The Public Library of Science (PLoS) Computational Biology journal, a high-impact, non-profit open-access scientific publishing project, has just published their findings.

Using gene analysis programs

As part of his doctoral thesis, Frech used OrthoCluster and genBlastG, two bioinformatics analysis software programs created at SFU, to compare the genomes of the six malaria parasites he was studying with Chen.

“The most unique strength of our research is the building of a high resolution platform for comparative genomics analysis — a genomics sifter,” says Chen. “It allows us to identify with confidence differences between the genomes of harmful and benign malarial parasites.

 “Until now, researchers didn’t have the level of resolution needed to look at genomes of related species. If it turns out the genes we’ve isolated govern malaria transmission to and between humans, they’ll be useful in many ways.
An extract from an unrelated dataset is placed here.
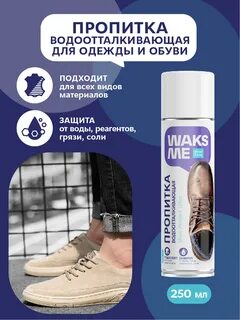 Водоотталкивающая пропитка для обуви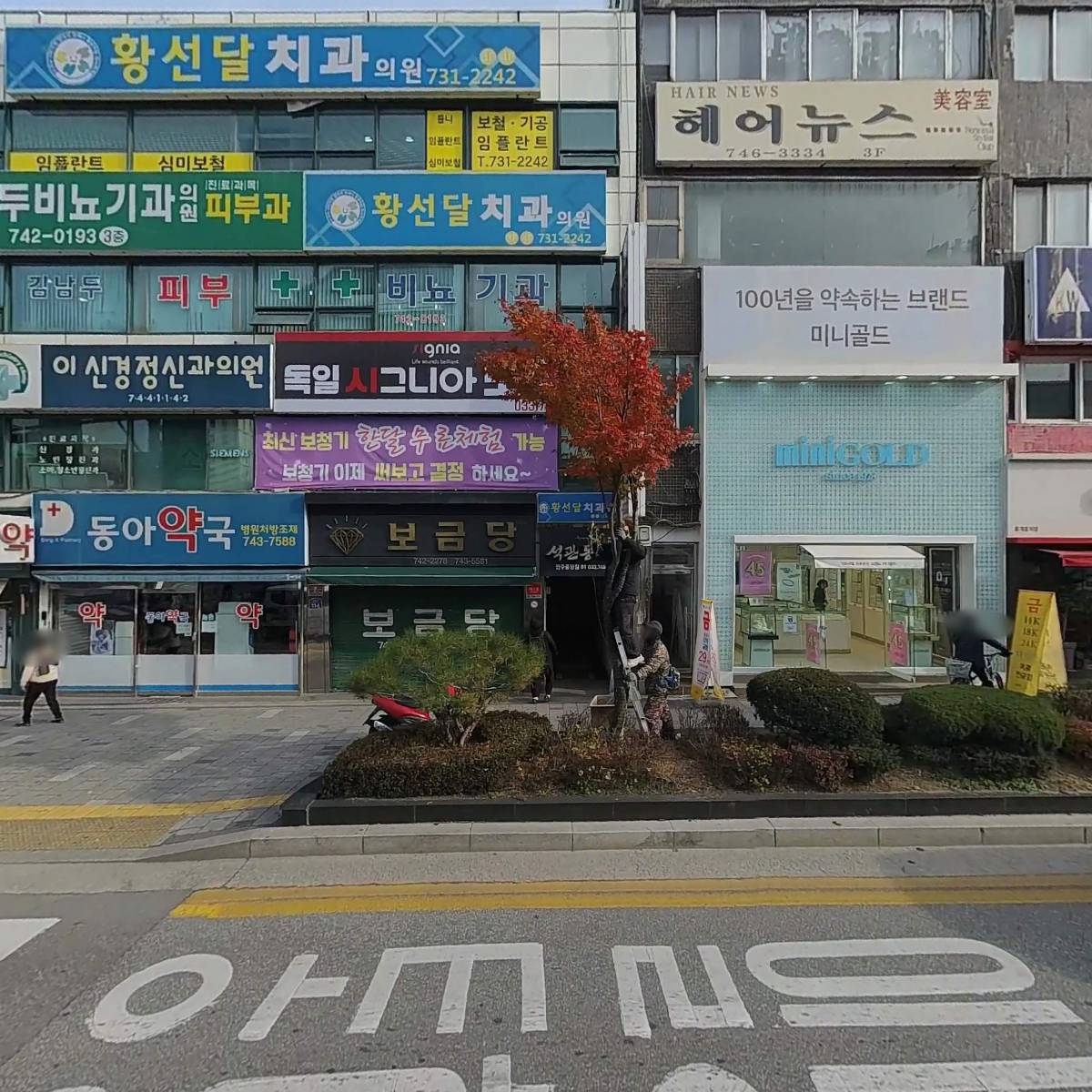 이신경정신과의원_3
For example, they could become drug targets to prevent parasites from switching from one host to another — for example from monkeys to humans — in the future.”

Chen’s former master student Matthew Nesbitt and his former doctoral student Ismael Vergarain collaborated with SFU computing science professor Jian Pei’s group to develop OrthoCluster, which can compare genomes.

Jeffrey Chu, another former doctoral student of Chen’s, worked with SFU computing science professor Ke Wang’s group to develop genBlastG, which can distinguish truly unique genes from incorrectly annotated ones.